Emergency containment procedures

List the different emergency containment procedures and describe the basic conditions for each kind of emergency.

Describe the recovery techniques in the event of engine or battery failure during multiple/swarming UAS operations.

UAS launch and recovery using special equipment

Operating procedures

Explain the specific procedures for launch and recovery operations.

Explain the impact on the UA’s behaviour when the systems for launch and recovery are operated from a moving vehicle, including ships.

Recognising failures

Describe the different failures that may occur during launch and recovery operations.

Explain what to do in the event of a failure.

Describe the cases where the remote pilot can override the system in the event of a failure.

Flying over hilly environment

Temperature inversions

Describe the following:

—       the effect of thermic-induced turbulence near the Earth’s surface;

—       surface effects;

—       diurnal and seasonal variations;

—       the effect of clouds; and

—       the effect of wind.

Rationale: The temperature can affect the density altitude. If the UA flies on a hot and humid day, the remote pilot will experience poor UA performance: as the temperature increases, the air molecules spread out. As a result, the propellers or motors of the UA do not have much air to grab on to.

Orographic lifting

Describe the effect of exploiting orographic lifting (i.e. slope or ridge) and the actions required.

Describe the vertical movements, wind shear, and turbulence, which are typical of hilly environment.

Rationale: Orographic lifting occurs when an air mass is forced from a low elevation to a higher elevation as it moves over rising terrain.

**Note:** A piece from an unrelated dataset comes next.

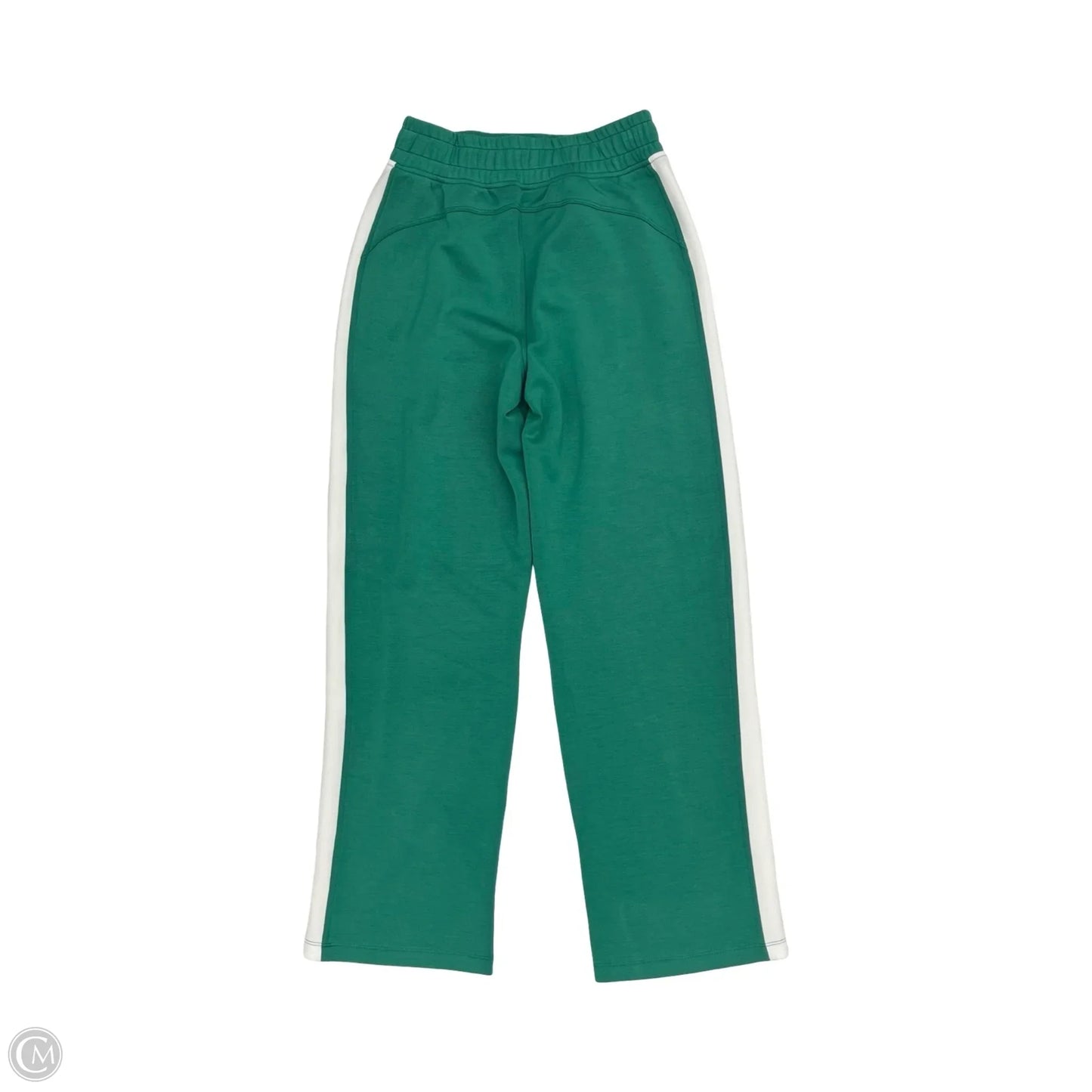 Athletic Pants By Rae Mode In Green & White, Size: S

As the air mass gains altitude, it quickly cools down adiabatically, which can raise the relative humidity to 100 %, create clouds and, under the right conditions, cause precipitation[100].

Higher winds through passes

Describe the effects of wind shear and the actions required when wind shear is encountered at take-off and approach.

Describe the precautions to be taken when wind shear is suspected at take-off and approach.

Describe the effects of wind shear and the actions required following entry into strong downdraught wind shear.

Describe the influence of a mountainous area on a frontal passage.

Rationale: In mountainous environment, the wind blows smoothly on the windward side of the mountain. On the leeward side, the wind follows the contours of the terrain and can be quite turbulent: this is called a katabatic wind. The stronger the wind, the higher the downward pressure. Such a wind will push the UA down towards the surface of the mountain. If the remote pilot does not know how to recognise a downdraft, which is downward moving air, the situation can become quite challenging.

Mountain waves

Explain the origin and formation of mountain waves.

State the conditions necessary for the formation of mountain waves.

Describe the structure and properties of mountain waves.

Explain how mountain waves may be identified through their associated meteorological phenomena.

Explain that mountain wave effects may exceed the performance or structural capability of the UA.

Explain that mountain wave effects may be propagated from low to high levels.

Indicate the turbulent zones (mountain waves, rotors) on a drawing of a mountain chain.

High- and low-pressure patterns

Describe the movements of fronts and pressure systems, and the life cycle of a midlatitude depression.

State the rules for predicting the direction and the speed of movement of fronts.

State the difference in the speed of cold and warm fronts.

State the rules for predicting the direction and the speed of frontal depressions.

Density altitude effects

Define pressure altitude and air density altitude.

Explain the effects of all-up mass (AUM), pressure, temperature, density altitude, and humidity.

Explain the influence of density altitude on the equilibrium of forces and moments in a stable hover, if applicable.

Rationale: Higher-density altitude means thinner air, and thinner air means that the remote pilot will experience poor UA performance. The propellers or motors of the UA do not have much air to grab on to. Lower-density altitude means thicker, denser air, and higher UA performance.

This knowledge is very important when the remote pilot flies in a mountainous or other high-elevation environment.